Oui, Shinjuku n’était plus comme avant

De Hachiôji, la ligne Chûô vous mène directement jusqu’à Shinjuku. Par le train express, cela prend un petit peu plus que 30 minutes. Par l’omnibus, ce sera presque une heure. Ce jour-là, il faisait grand beau temps, presque tiède, les rayons du soleil se déversaient à plein et le ciel d’un bleu dégradé comme une projection de peinture bleue. Par endroit, on voyait aussi quelques gros nuages inquiétants, mais dans l’ensemble, c’était du beau temps, tout le monde aurait été d’accord. L’après-midi, le train n’est jamais bondé, et avec la consigne de rester à la maison, les wagons étaient très clairsemés. Un tiers de sièges occupés environ. Tous les voyageurs assis en respectant la distanciation sociale, en laissant deux ou trois sièges entre chacun.

Le train est sorti de Hachiôji, a dépassé Tachikawa, Kokubun-ji… Plus le paysage défilait, plus les immeubles se faisaient hauts, jusqu’à devenir les gratte-ciels familiers de Shinjuku. Du haut du viaduc de la ligne Chûô, on reconnaît tout à fait le bâtiment de la préfecture de Tokyo, Shinjuku Alta, et la rampe circulaire du rond-point de Shinjuku-est.

La gare de Shinjuku, la plus grande gare du monde, trois millions et demi de personnes par jour, était très peu fréquentée. Le grand corridor qui relie la partie ouest à la partie est, habituellement toujours plein de bruit et de monde est visible de bout en bout, maintenant. Et à l’extérieur des guichets de la sortie est, où la foule est toujours compacte à attendre, il n’y avait presque personne.

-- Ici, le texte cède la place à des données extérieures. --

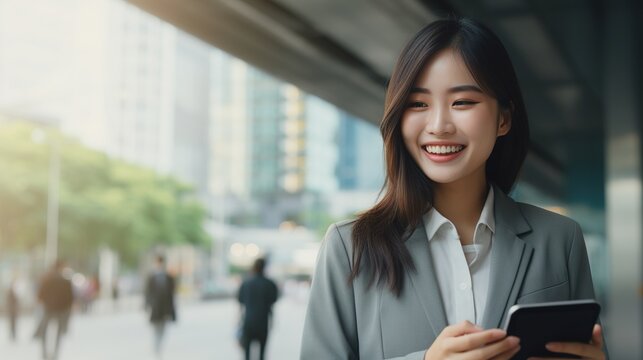 Young Successful Smiling Pretty Asian Business Woman, Korean Professional Businesswoman Holding Cellphone Using Phone Standing On Big City Urban Street, Generative Ai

Quand je viens à Shinjuku, en principe je sors par la sortie est et j’emprunte le passage souterrain. Le quartier est tellement complexe qu’on l’appelle « les oubliettes », ceux qui arrivent ici pour la première fois ne peuvent manquer de s’y sentir perdus. Dès qu’on connaît, en revanche, ce passage souterrain est très pratique. À la saison froide, ou les jours de pluie, il évite de devoir se battre contre la pluie ou la neige, et permet de rejoindre en toute élégance votre lieu de destination. Quand je vais à Kabuki-chô, je prends le passage souterrain jusqu’à Shinjuku Alta, je sors derrière et je n’ai plus qu’à traverser l’avenue Yasukuni pour me trouver devant le porche d’entrée de Kabuki-chô.

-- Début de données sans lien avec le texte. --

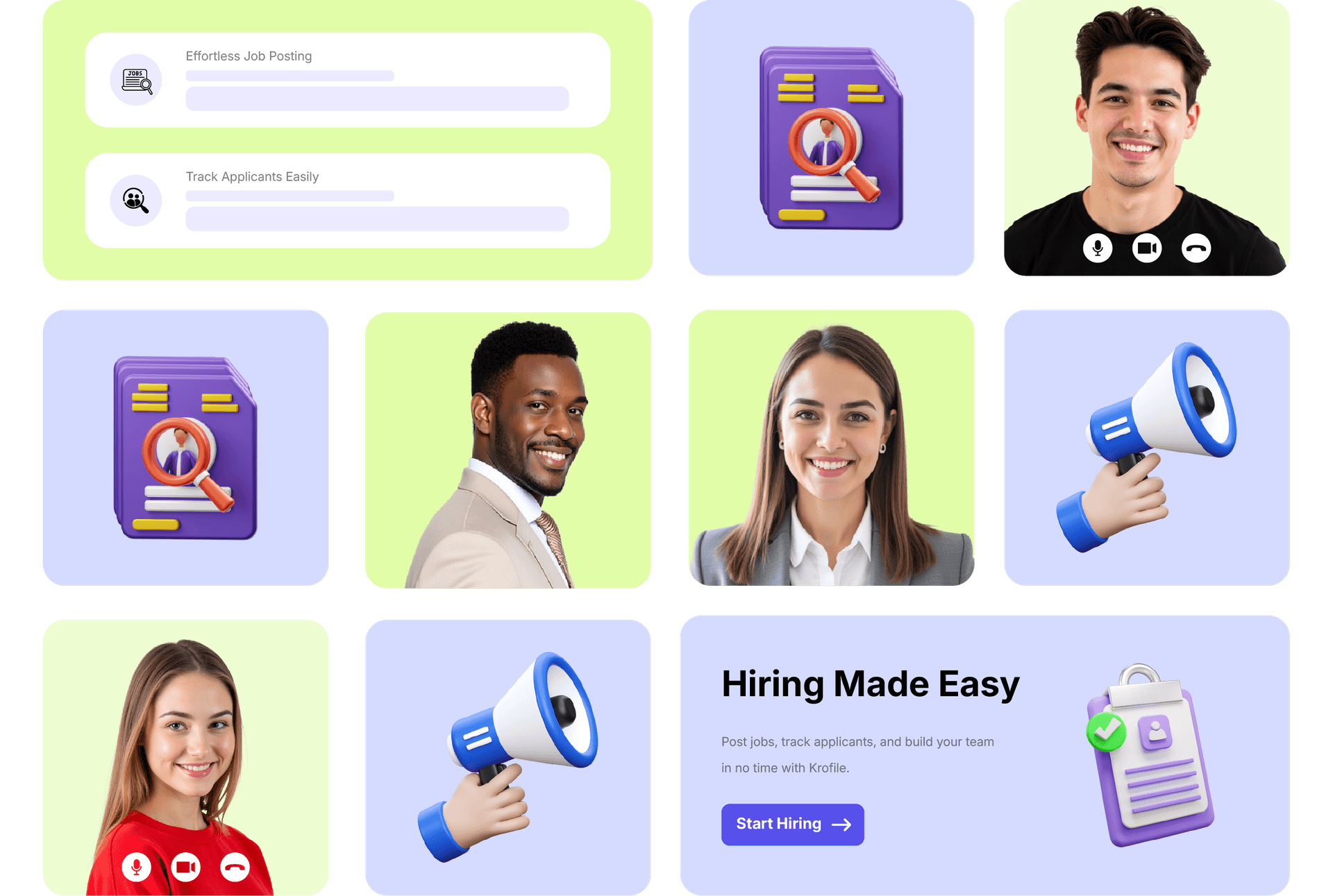 Krofile hiring dashboard with job listings and candidate profiles on desktop and mobile.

Or, maintenant, Shinjuku Alta est fermé, l’entrée du sous-sol est close, impossible d’emprunter mon petit circuit. Je suis bien obligée de monter l’escalier de Tokyo Metro jusqu’à l’air libre. J’y découvre l’immense architecture du quartier de la gare, avec le grand magasin Lumine-Est intégré. Le rond-point devant la gare n’est pas particulièrement vaste, et il est toujours bondé, y compris parfois de quelques musiciens de rues et d’activistes vaguement gauchistes. Pas aujourd’hui. Lumine-Est est bien entendu fermé, le rond-point est très clairsemé. Alors que la circulation est toujours très dense, et où les piétons se touchent presque des épaules, aujourd’hui le trafic piéton et automobile est moitié moindre de d’habitude.

La place devant Shinjuku Alta quasiment déserte
La place devant Shinjuku Alta quasiment déserte

Cinémas, Golden-gai, librairies et grands magasins fermés

Kabukichô est un quartier animé, de jour comme de nuit. Les touristes y viennent de tout le pays et de l’étranger, les débits de boisson y chassent le client, l’industrie du sexe y recrute les passantes, et les dragueurs compulsifs y hèlent tout ce qui bouge, à toute heure du jour et de la nuit. La foule y est encore plus compacte depuis l’ouverture du complexe Toho Cinemas Shinjuku. La tête de Godzilla qui donne un coup d’œil au coin de la rue attire les touristes étrangers. Sauf que, bien entendu, ces temps-ci, le cinéma est fermé, comme tous les débits de boisson et bistros du quartier. Les karaokés, les salons de jeux d’arcade, les pachinkos qui grouillent dans le secteur restent silencieux. Je ne dirais pas qu’il n’y a pas un chat dans les rues, mais spectacle de désolation tout de même.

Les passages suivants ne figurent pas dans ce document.